日本では音楽フェスのシーズンといえば夏だが、インドでは過ごしやすい気候の冬に多くの音楽フェスが開催されている。
インドはいまやアジアを代表するフェス大国で、アメリカ発祥の世界的ロックフェスLollapaloozaがアジアで初めて行われたり、世界で3番目の規模のEDMフェスティバルSunburnが開催されるなど、海外の大物アーティストが参加するものから、国内アーティスト中心のものまで、フェスの数は年々増える一方。
(これまでに紹介したインドの注目フェス情報は最後にまとめてリンクを貼っておきます)
今回は、本格的なシーズン到来を前に、2023年の秋に行われる面白いフェスを2つほど紹介させてもらいます。
まず紹介するのは、ノルウェーのハウス/EDMプロデューサー、Kygo(カイゴ)が主催するPalm Tree Music Festival.
去年Lollapaloozaの会場にもなったムンバイの競馬場Mahalakshmi Race Courseで、11月3日から5日にかけて開催される。
Palm Tree Music Festivalはこれまでヨーロッパやアメリカ、オーストラリアなどで開催されていて、アジアではバリ島で開催されたことがある。
南アジアでの開催は初めてで、ムンバイの1週間前には、エジプトのカイロでの開催も発表されている。
カイロ会場は500名限定の超VIP向けフェスとして開催されるようで、販売されるチケットはもっとも安い入場券でも1,111米ドル。
このチケットには、4つ星ホテルへの1泊と、ピラミッドやスフィンクス散策、ピラミッド周辺でのキャメルライド、ビールとワイン飲み放題などが含まれている。
もっとも高い個人向けチケットは7,777米ドルで、これには5つ星ホテルへの3泊、24時間の執事サービス、シャンパンボトル、出演アーティストとのウェルカムディナー、ピラミッド内の「王の間」ツアー(!)、空港への送迎などが含まれていて、さらに豪華な4名分34,998ドルのチケットもある。
おそらくカイロでのフェスは、このバリ会場のような雰囲気で行われるのだろう。
より大規模な会場で行われるムンバイでのフェスは、おそらくこのニューヨーク郊外のハンプトンズで行われたような形になるものと思われる。
インドでもEDM系のフェスティバルは非常にさかんで、例えばラージャスターン州の宮殿で行われるMagnetic Fields Festivalは、カイロのPalm Tree同様にかなりセレブっぽい路線で行われている。
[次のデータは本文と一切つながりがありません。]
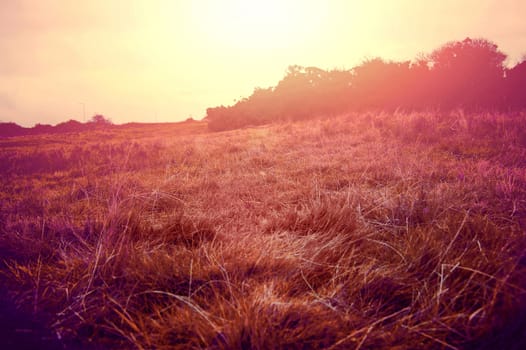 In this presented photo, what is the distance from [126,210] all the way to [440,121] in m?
7.92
てっきりムンバイのPalm Treeも同じようなスタイルで行われるものだと思っていたら、チケット代は1,500ルピー(2,660円)からとのことで、結構リーズナブルな価格に抑えられているようだ。
(ただし、2万ルピーの高級チケットもある)
出演者には、KygoのほかKungs(フランス)、Sam Feldt(オランダ)、Kidnap(イギリス)、Edward Maya(ルーマニア)、Forester(アメリカ)らの欧米のEDM系DJのみ。
インドで開催されるのにインド人アーティストが一人もいないのがちょっと感じ悪い気もするが(他の国内のEDM系フェスには、少なからずインド人のDJも出演している)、インドではかつての日本のように、「洋楽のほうが進んでいてカッコイイ」という価値観がまだ根強いので、要はそういうオーディエンスを対象にしたフェスということなのだろう。
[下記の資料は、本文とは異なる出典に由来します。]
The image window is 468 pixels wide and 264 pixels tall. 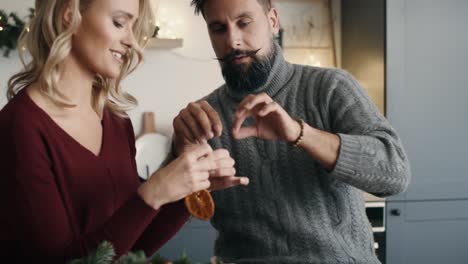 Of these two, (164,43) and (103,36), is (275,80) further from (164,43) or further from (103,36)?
(164,43)

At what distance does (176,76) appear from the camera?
314 cm

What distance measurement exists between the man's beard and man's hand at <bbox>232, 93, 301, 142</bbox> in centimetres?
20

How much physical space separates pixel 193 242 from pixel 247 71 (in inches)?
64.5

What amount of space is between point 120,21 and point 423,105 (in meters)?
2.04

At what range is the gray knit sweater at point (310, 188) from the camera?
3.96 feet

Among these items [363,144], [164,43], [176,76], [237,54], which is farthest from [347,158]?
[176,76]

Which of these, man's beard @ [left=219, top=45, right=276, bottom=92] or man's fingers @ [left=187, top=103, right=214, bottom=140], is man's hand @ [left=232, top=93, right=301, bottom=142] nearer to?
man's fingers @ [left=187, top=103, right=214, bottom=140]

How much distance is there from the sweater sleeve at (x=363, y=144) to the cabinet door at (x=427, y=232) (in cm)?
160

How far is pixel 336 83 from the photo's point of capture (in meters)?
1.33

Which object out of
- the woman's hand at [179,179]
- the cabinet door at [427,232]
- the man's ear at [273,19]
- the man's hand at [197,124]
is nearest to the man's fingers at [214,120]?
the man's hand at [197,124]

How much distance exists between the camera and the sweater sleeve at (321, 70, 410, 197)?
115 cm

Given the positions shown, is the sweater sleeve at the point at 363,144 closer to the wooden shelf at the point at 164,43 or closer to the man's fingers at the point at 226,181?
the man's fingers at the point at 226,181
(あるいは、オーガナイザーのKygoが、単にインドのDJ/プロデューサーを知らなかったのかもしれない)
Palm Tree Music Festivalとは逆に、インド国内のアーティストに特化したフェスも行われる。
9月2日にムンバイ、9月16日にデリーで開催されるSouth Side Storyは、出演者を南インドのアーティストに限定しているという、非常に面白いイベントだ。
このイベントの特異さを説明するために、一応地図をのっけておきます。
(出典:https://www.mapsofindia.com/my-india/india/the-new-india-28-states-and-9-union-territories-maps-and-facts)
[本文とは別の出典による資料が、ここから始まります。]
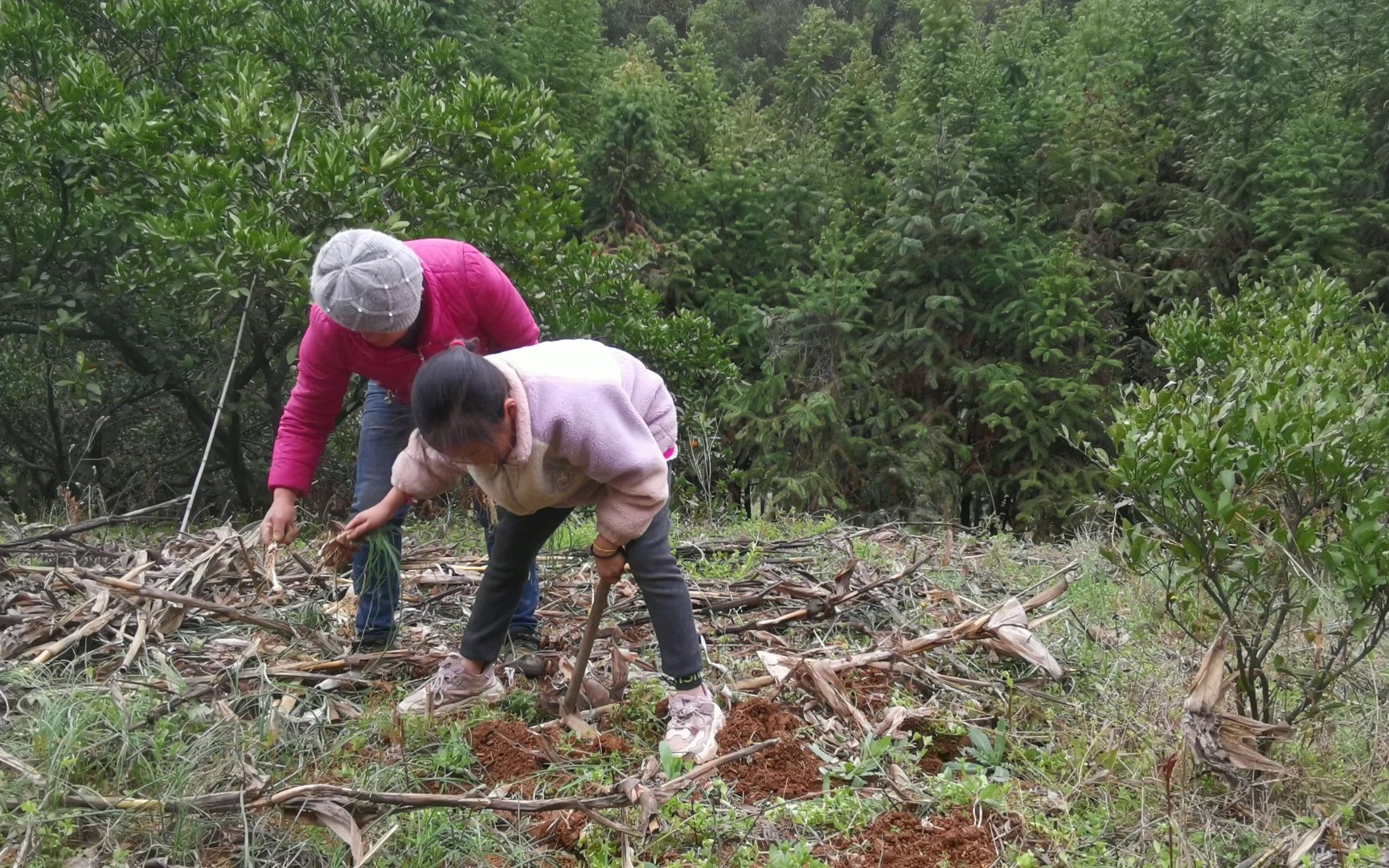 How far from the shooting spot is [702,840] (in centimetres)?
252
一般的に南インドと言われるのは、タミルナードゥ(タミル語圏)、ケーララ(マラヤーラム語圏)、カルナータカ(カンナダ語圏)、アーンドラ・プラデーシュとテランガーナ(テルグ語圏)の5つの州のこと。
South Side Storyが行われるデリーとムンバイは、同じ国内でも文化や言語体系がまったく異なる北インド文化圏の大都市だ。
いずれもインディーミュージシャンがたくさんいる地域なので、あえて地元アーティストを出さずに、地理的にも文化的にも遠く離れたサウスにこだわった音楽フェスが開催されるというのは非常に珍しい。
古典音楽とかだとあるのかもしれないが、少なくともインディーズ系の音楽では聞いたことがない。
South Side Storyは昨年に続いて2回目の開催だそうで、昨年の様子を見る限り、単なる音楽フェスティバルではなく、伝統芸能や食文化体験(バナナの葉に盛り付ける南インドの定食ミールス)などを含めたイベントらしく、さらに面白そうだ。
デリーやムンバイの人たちにとってはエキゾチックな体験ができて、サウスの出身者にとっては懐かしというところを狙っているのだろう。
参加アーティストもいかにも南インドらしい濃いメンツが揃っているので、何組か動画で紹介したい。
Thaikkudam Bridge "One"
ムンバイでのヘッドライナーは、昨年も出演してアフタームービーにも曲が使われているケーララ州のThaikkudam Bridge.
このケーララ州の観光プロモーションのようなミュージックビデオを見ていただければ分かる通り、彼らは地元の文化を非常に誇りしていて、魚をよく食べる食文化から自分たちの音楽を'fish rock'と称している。
ThirumaLi "Rap Money"
デリーのヘッドライナーは、ケーララのラッパーThirumaLi.
ヒンディー語圏のデリーで、しかもリリックが重要な意味を持つラップで、全く異なる言語系統のマラヤーラム語のラッパーがヘッドライナーを飾ることは、このコンセプトのフェス以外ではまずない。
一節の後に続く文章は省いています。